◆ Assignment:
The whole listing is to be transcribed exactly as it stands.

◆ Data:
[Start of Attachment]

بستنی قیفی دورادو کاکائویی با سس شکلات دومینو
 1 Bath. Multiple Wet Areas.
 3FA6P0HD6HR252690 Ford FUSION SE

[End of Attachment]

◆ Completed task:
بستنی قیفی دورادو کاکائویی با سس شکلات دومینو
 1 Bath. Multiple Wet Areas.
 3FA6P0HD6HR252690 Ford FUSION SE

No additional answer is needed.